While USA showed up with a combination of spot reels and individual tapes. A spot reel is where all the commercials are recorded on a single reel of tape. Good and bad. Good if nothing needs to be added or dropped from playback. A logistical challenge if they need to skip something on the reel or have to change the order of playback. Which did happen a half‐dozen times or more. That made for extra work for the tape operators that ended up having to dub (fancy word for copy) the changes to another machine.
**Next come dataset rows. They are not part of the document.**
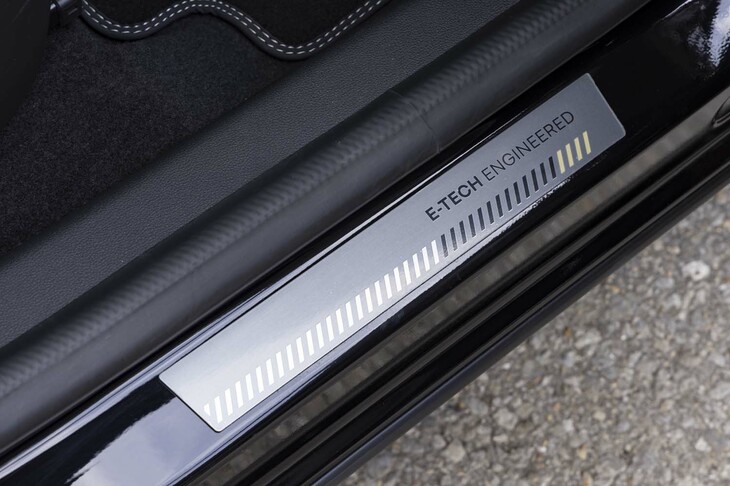 サイドシルに貼られた「E-TECH ENGINEERED」のプレート。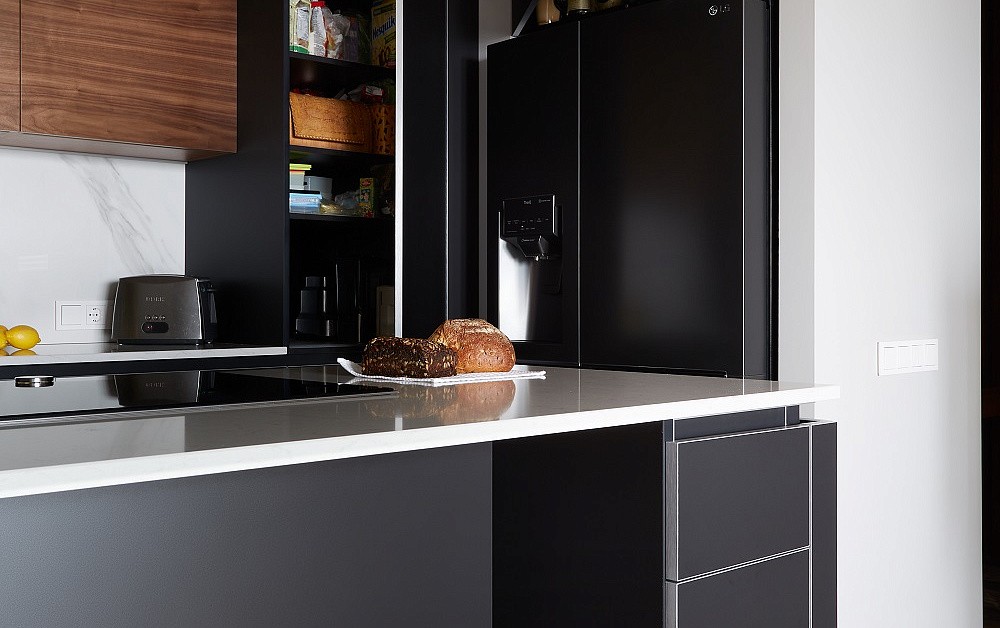 Брутальная кухня с древесными акцентами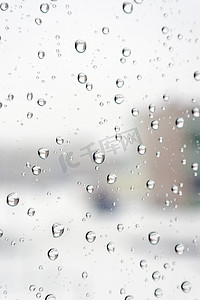 雨天驾驶摄影照片_在一个冬天的雨天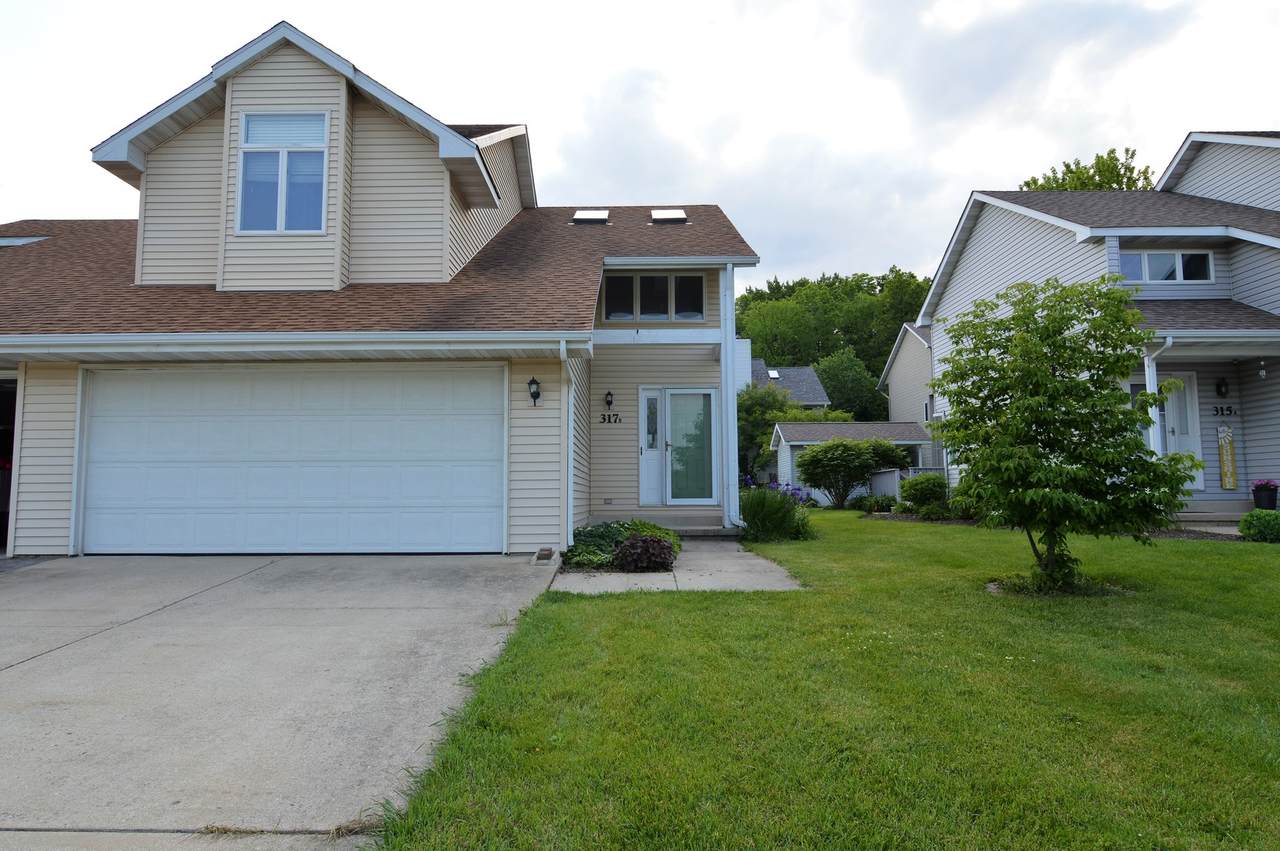 317 Vista Court - Photo 1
It was almost a reprieve when the kick‐off finally came. Even with half‐time and post‐game shows ahead, the game's routine calmed most people. That is until lightning struck. Actually, it was a golf cart. During the third quarter, the whole trailer lurched about 4‐6 inches. As was often the case as an EIC, you often weren't, at least back then, doing much. This was well before cell phones and email. As was sometimes the case, I would find a nook in the truck to sit in, and if there wasn't a chair, I'd often sit on the floor. Then came something that I had never experienced before. Trailer movement in the middle of an event.
Our sense of rhythm came to an abrupt halt. I didn't need to listen to the intercom to know that the people up in the production compartment were not happy.
Scrambling out and down the stairs and knowing the direction the trailer moved headed to the trailer's rear. There we found a young man dazed, his arm bleeding. Security showed up and the "crash dummy" had no explanation of how he did what he did. He had enough momentum that he put a discernible crease in the trailer's bumper. One of the few lucky breaks that day was that the trailer's landing gear didn't collapse or come off the wood that was under them. Sometimes, to level the trailer you will find the landing gear on a stack of wood. That could have been catastrophic if that day had been so.
Finally, the game was over, along with the post‐time show. The main game truck could completely strike. My truck could strike cameras and other things in the stadium itself. But network operations continued inside the trailer for another three hours. I was deathly afraid that in tearing down the other trailer, something we still needed would be disconnected. Our second piece of luck for the day: that didn't happen.
During teardown, I finally found out why my truck did the pre/half/post shows. The other trailer needed to hit the road without delay. Since it defaulted to us for the post‐game setup, they decided we would handle the other two segments.
But by this point, the crew in the trailer was very tired and a bit testy, as were the USA folks. When network operation finally came to an end and was handed back to HBO, I believe, there were not any pleasantries between the client and me. USA simply collected their tapes and left. That left the driver and me to stow what was left undone, disconnect the power, and stow the stairs. We were out of there finally just before 8 p.m.